In vari stadi italiani si sentono cori razzisti contro Mario Balotelli, giocatore italiano di colore definito “negro”. Vittorio Feltri sul Giornale, parlando della vicenda di Rosarno, ha titolato: “Ma questa volta… hanno ragione i negri”. Come si esce da queste situazioni e da questo linguaggio?

Io penso che tutto questo sia qualcosa che dovrebbe veramente preoccupare tutti. Dieci anni fa una cosa del genere non sarebbe mai stata possibile. Oggi è possibile e anche a mezzo stampa. Ogni domenica ci sono questi cori e mi pare che non si stia facendo niente. Ci vorrebbe una posizione netta e chiara, mancano i provvedimenti. E’ come se tutto questo venisse tollerato. Noi abbiamo dato un contributo aderendo alla campagna contro il razzismo che, per la prima volta, ha messo insieme 27 organizzazioni completamente diverse, ma unite nello sforzo di dare un segnale.

A quale campagna si riferisce?

Alla campagna “Non aver paura. Apriti agli altri apri ai diritti”. Abbiamo fatto anche uno spot televisivo con Francesca Reggiani e Lello Arena per dimostrare che il razzismo si basa sul pregiudizio. Per quanto riguarda la stampa, noi come Unhcr abbiamo promosso la Carta di Roma, un protocollo deontologico che adesso fa parte dei corsi di formazione per giornalisti. Abbiamo così voluto mettere a disposizione dei giornalisti delle linee guida su come fare informazione senza alimentare pregiudizi e odio.

La Carta di Roma di che anno è?

E’ stata firmata sia dal Consiglio nazionale dell’ordine, sia dalla Federazione Nazionale Stampa Italiana nel 2008, dunque da quest’anno è materia d’esame.

L’ultimo viaggio che ha fatto per lavoro?

Sono stata a Rosarno, e negli stessi giorni sono stata a Riace e Caulonia, a 60 chilometri da Rosarno, dove c’è l’altra faccia della Calabria. A Riace e Caulonia sono arrivati 178 palestinesi che abitavano nella terra di nessuno tra la Syria e l’Iraq, quindi iracheno-palestinesi, e l’Italia, sollecitata da noi, ha aderito ad un programma di reinsediamento di questi rifugiati. Reinsediamento significa prendere delle quote di rifugiati che sono già in un paese dove però non possono essere integrati, e portarli legalmente in un altro paese. Paesi come Stati Uniti, Canada, Finlandia, Norvegia, Germania, prendono parte da anni a questi programmi, mentre per l’Italia si tratta di un progetto pilota. E speriamo che sia l’inizio dell’adesione.

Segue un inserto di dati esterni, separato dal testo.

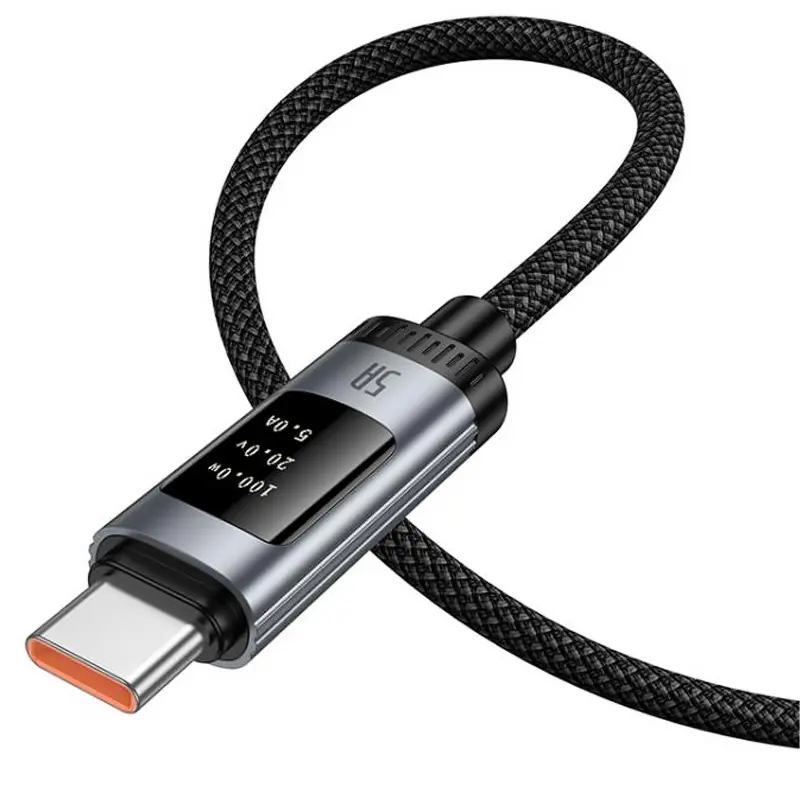 Дата кабель Hoco U148 Lord with display USB to Type-C 100W (1.2m), Black 3, купить оптом с доставкой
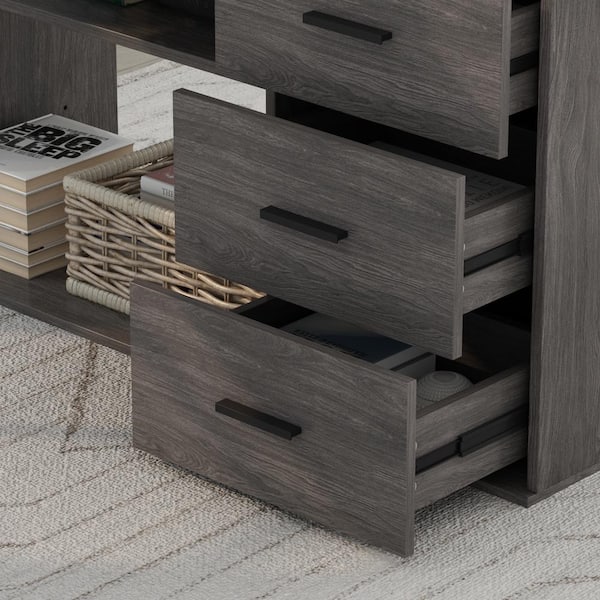 FUFU&GAGA 55.1 in. L-Shaped Gray Wood Computer Desk Writing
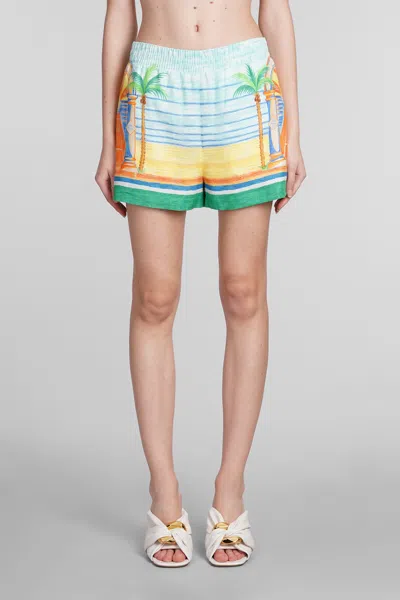 Casablanca Shorts In Cyan Linen In Multicolore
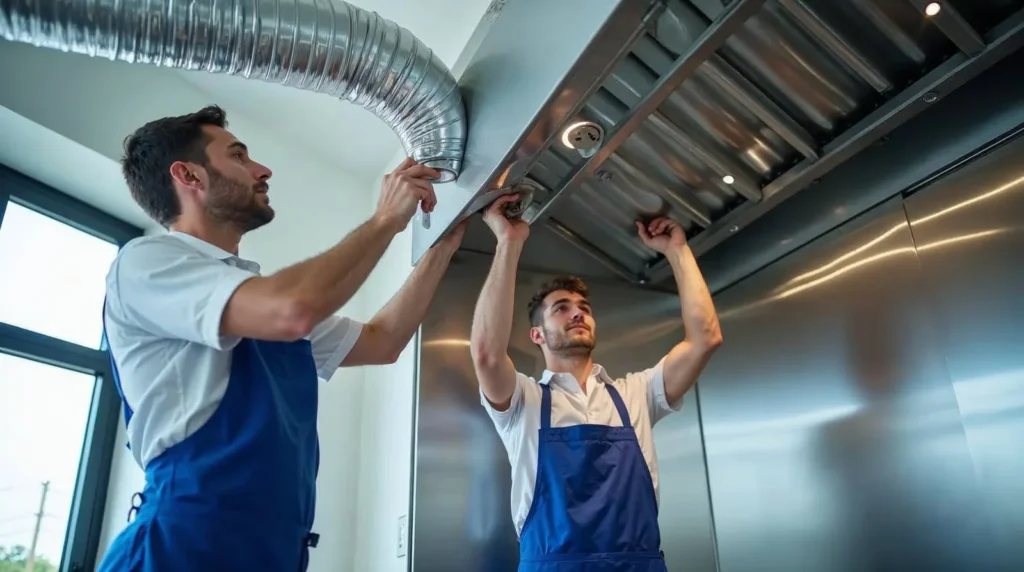 Installation des gaines d'extraction d'une hotte de cuisine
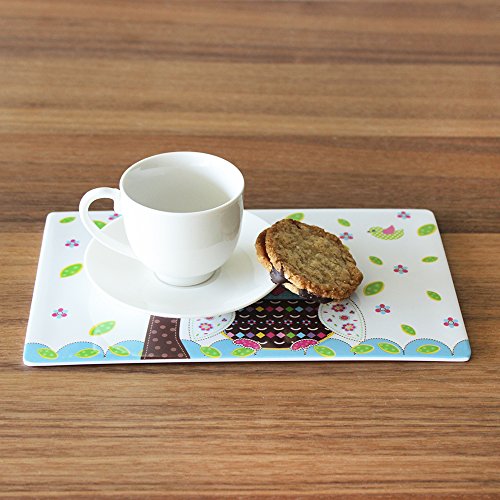 COM-FOUR® 2x Frühstücksbrettchen, Frühstücks- und Schneidebretter im Eulen-Design, 23,4 x 14,3 x 0,3 cm - 2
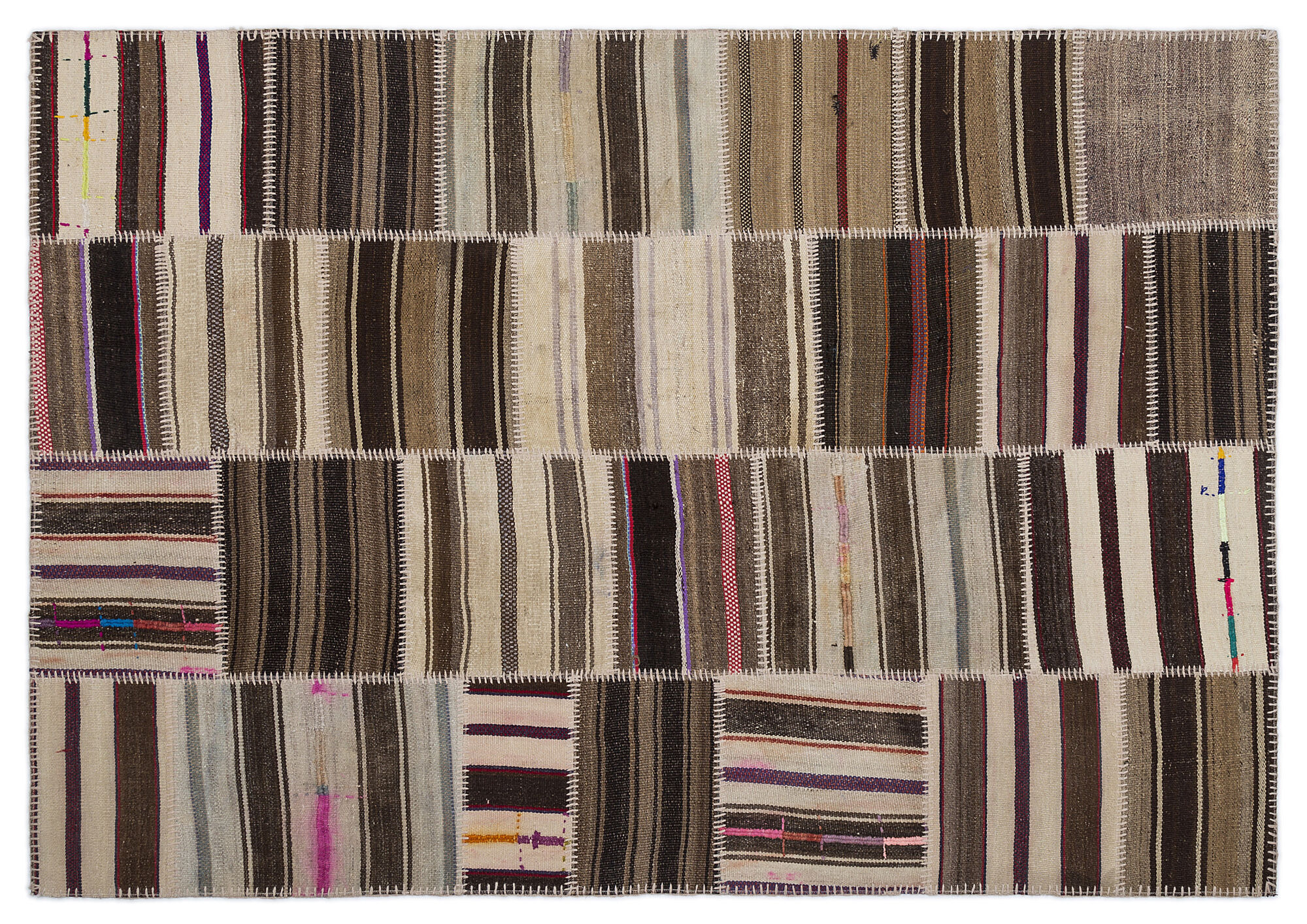 Apex Kilim Patchwork Unique Striped 2225 160 cm X 230 cm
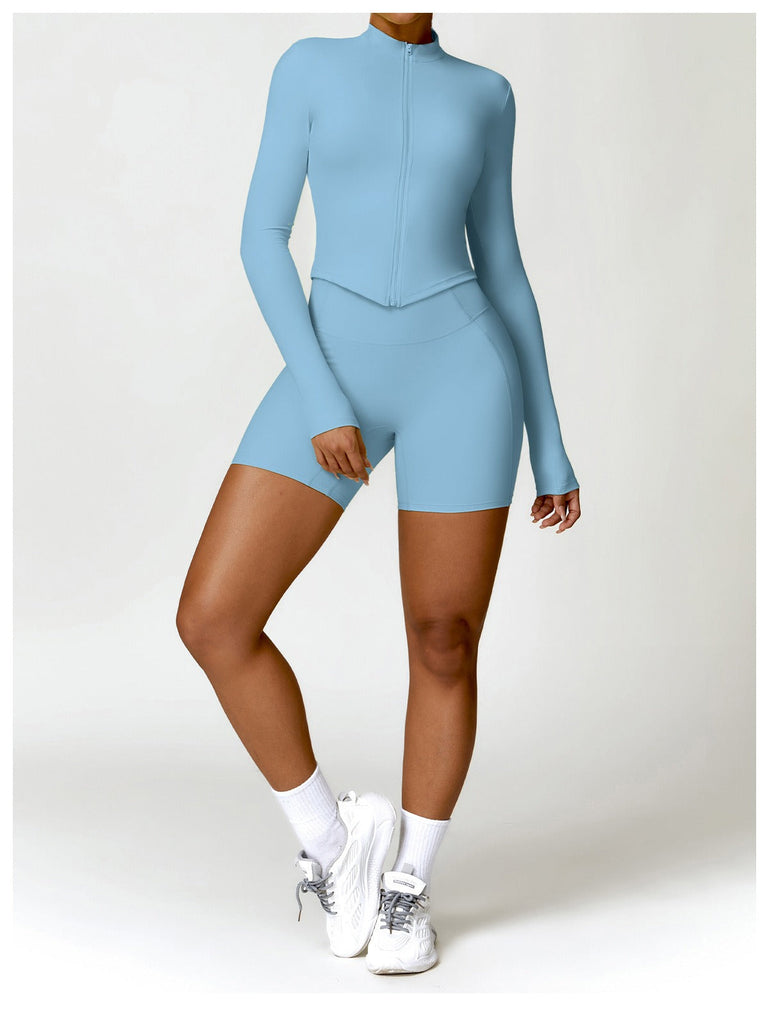 Supreme Zip Longsleeve Top & Shorts Set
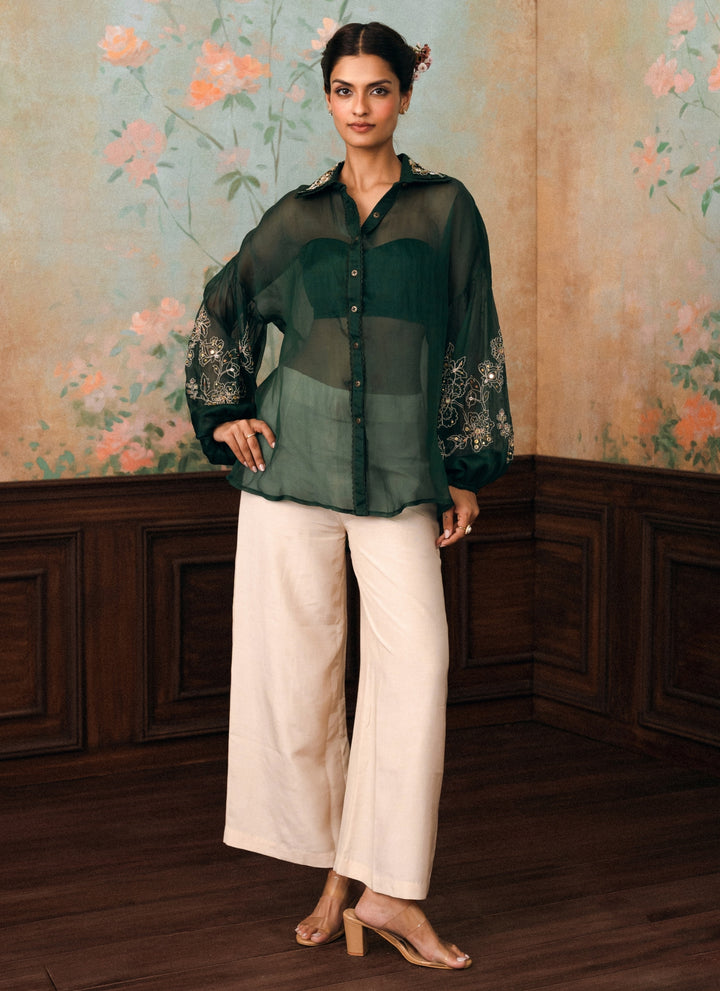 Emerald Green Organza Shirt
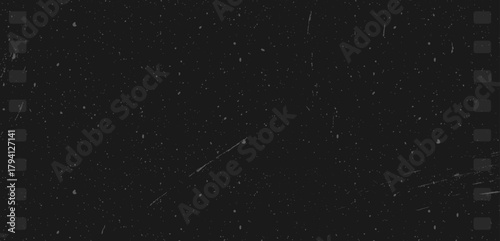 Grainy noise background. Vintage film texture with dust and scratches. Realistic transparent overlay for retro and gritty photo or cinema design effect. Vector illustration.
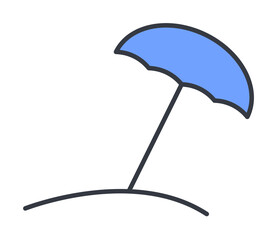 Poster - Beach umbrella icon. Element of web icon with one color for mobile concept and web apps. Thin line Beach umbrella icon can be used for web and mobile. Premium icon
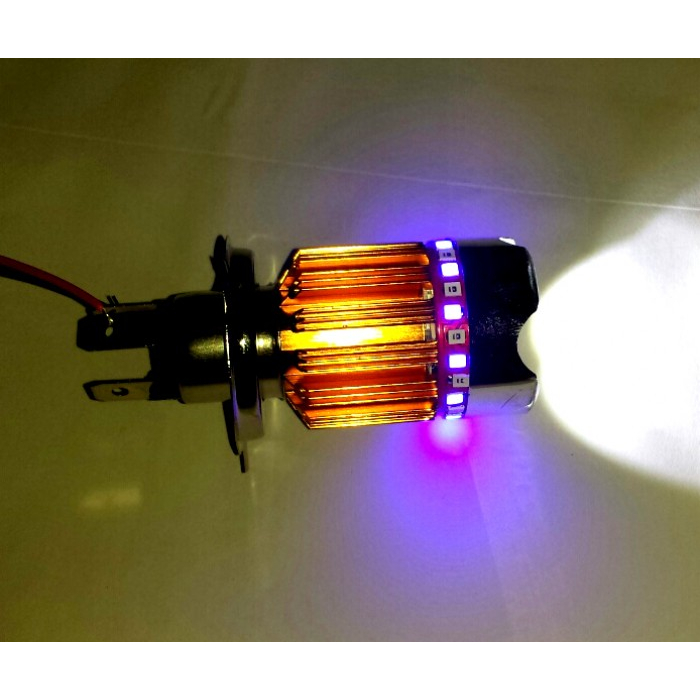 ĐÈN XE MÁY SIÊU SÁNG H4 3 MÀU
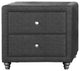 Grey Upholstered 2 Drawer Nightstand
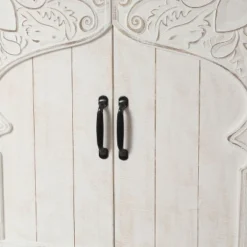 LuxenHome Farmhouse White Wood 2-Door Accent Storage Cabinet. -Garden GUEST 2843337a ba74 427a b1b7 b6daa5a973ce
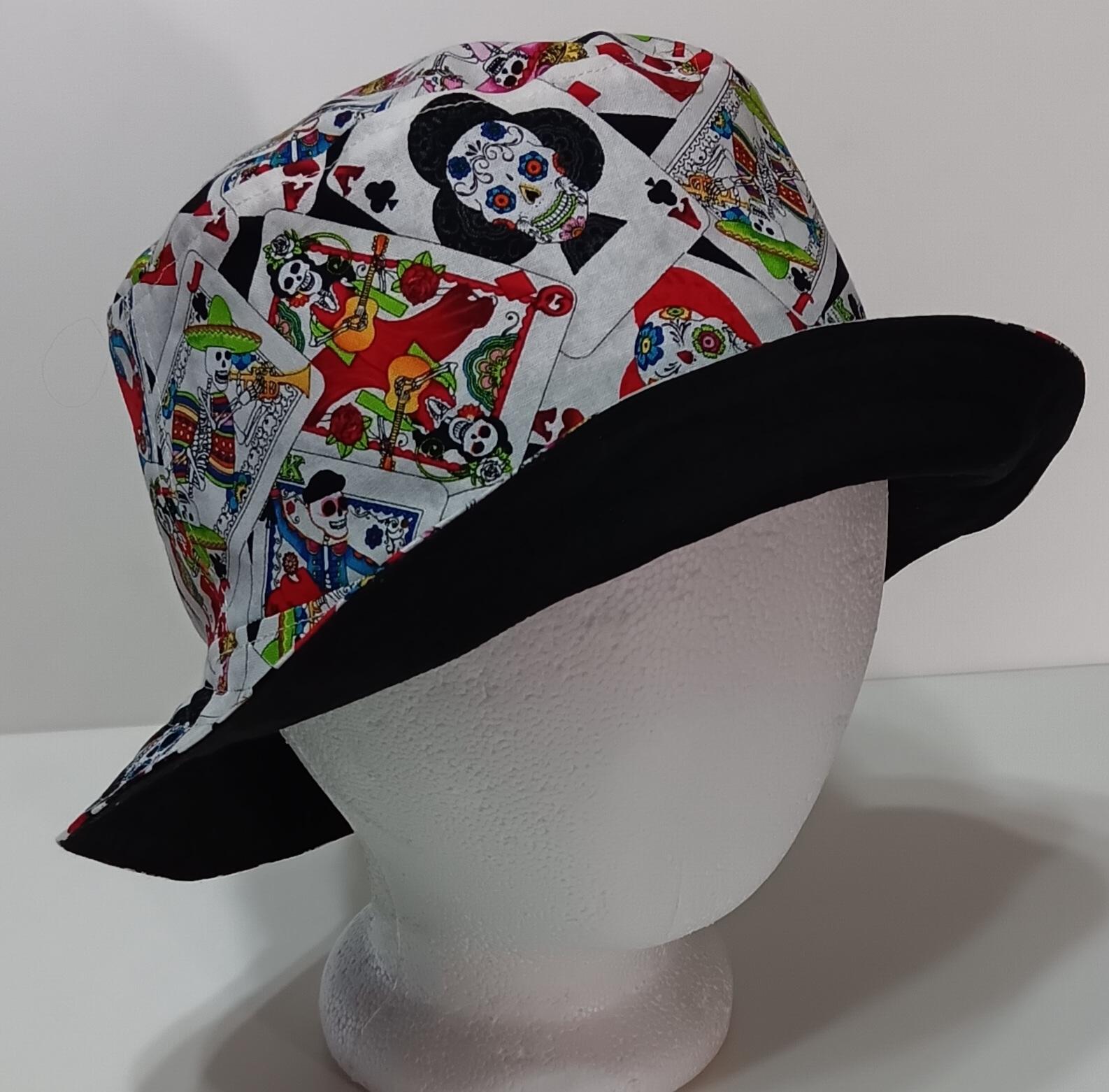 Sugar Skulls Day of the Dead Bucket Hat, Playing Cards, Reversible, Sizes S-L, summer hat, fishing hat, ponytail sun hat, floppy hat, calaveras, Día de los Muertos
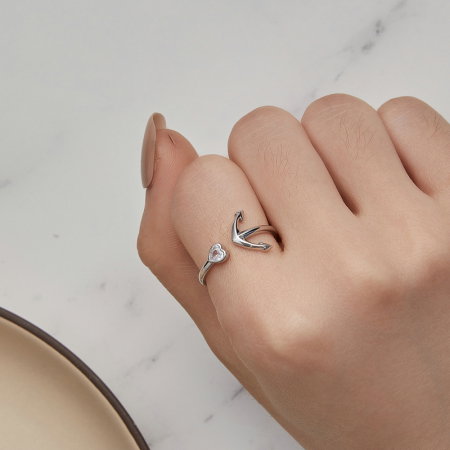 Inel argint reglabil busola si ancora [1]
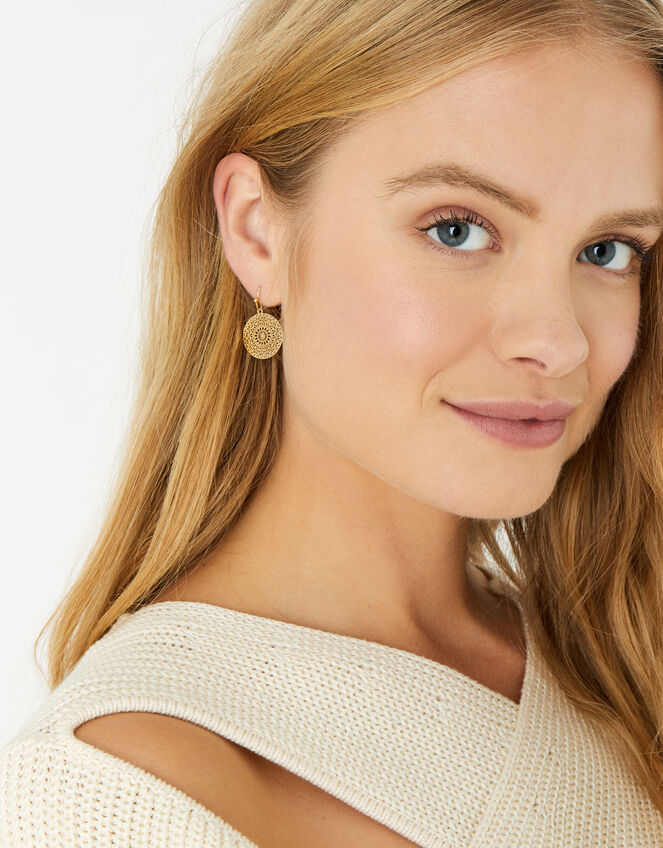 Filigree Short Drop Earrings, Gold (GOLD), large
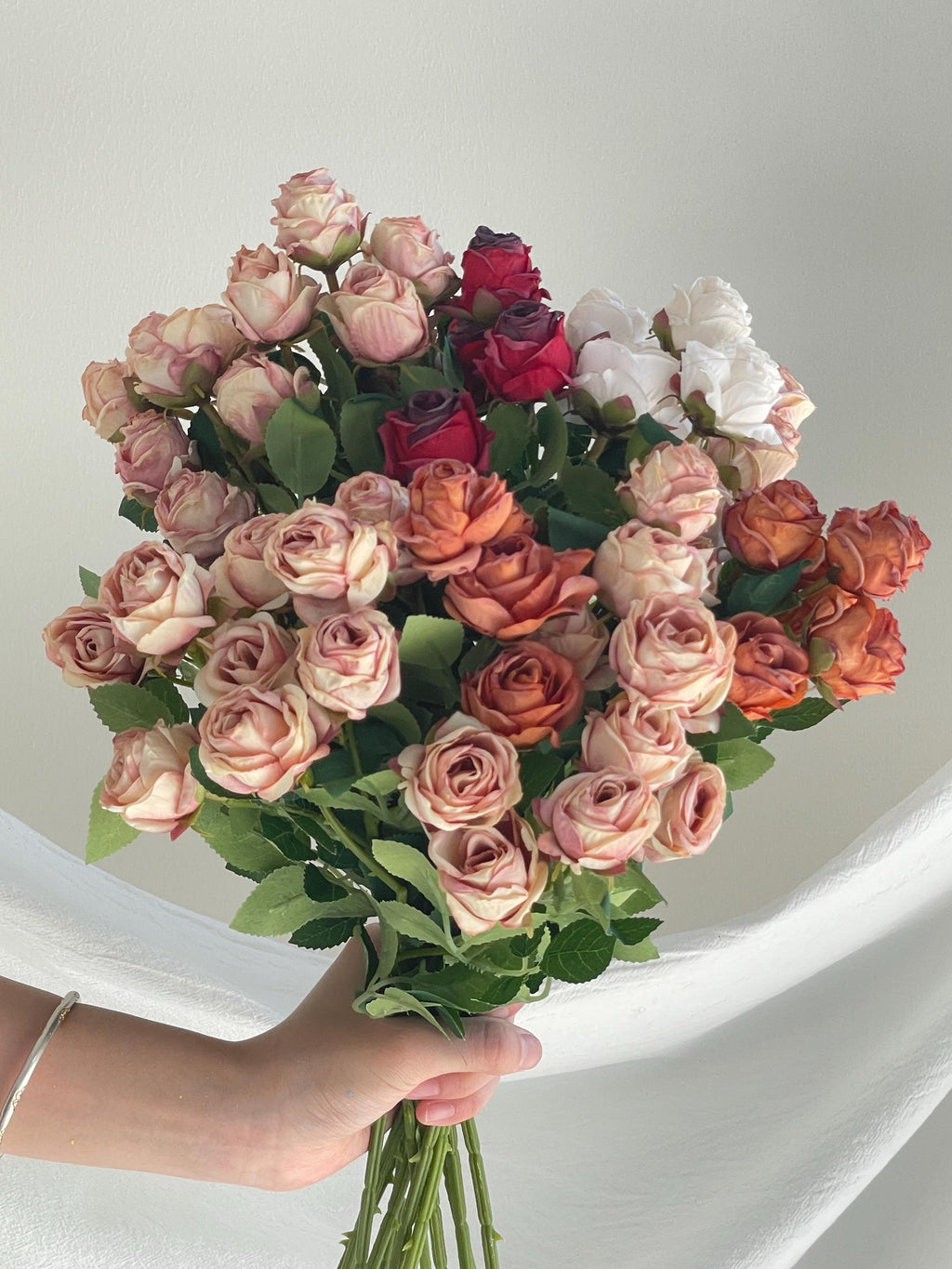 Silk 5-Head Pink Rose Stem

Le è capitato di trovarsi in situazioni di pericolo?

Sì, in alcuni frangenti è capitato, e a volte neppure ci si accorge di essere in pericolo. Sicuramente in Kosovo nel 1998 poteva succedere il peggio: stavamo portando un convoglio in una zona controllata dall’Uck. Le milizie dell’Uck ci bloccarono e ci tennero sotto l’acqua con le mani alzate per un paio d’ore. E non fu una cosa molto piacevole per me e gli altri due colleghi.

Quando è in viaggio, le piace scattare fotografie, ascoltare musica?

Sì, mi piace fare fotografie e parlare con le persone. Questa è la cosa che mi piace di più, per stabilire un rapporto diretto con le persone. La musica non la ascolto perché altrimenti mi estraneo e non parlo con le persone.

Dove ama passare le vacanze?

Mi piace andare nelle Marche, dove ci sono ancora i miei genitori, i miei ex compagni di liceo con i quali ho mantenuto un legame.

Che ne pensa del Nobel per la Pace ad Obama?

Mah, nell’ottica dell’incoraggiamento ci sta tutto. Credo che abbiano pensato di responsabilizzarlo, di fare in modo che la sua azione sia mirata alla pace. E’ vero però che ci sono tante persone che praticano ogni giorno il rispetto dei diritti e della pace senza visibilità.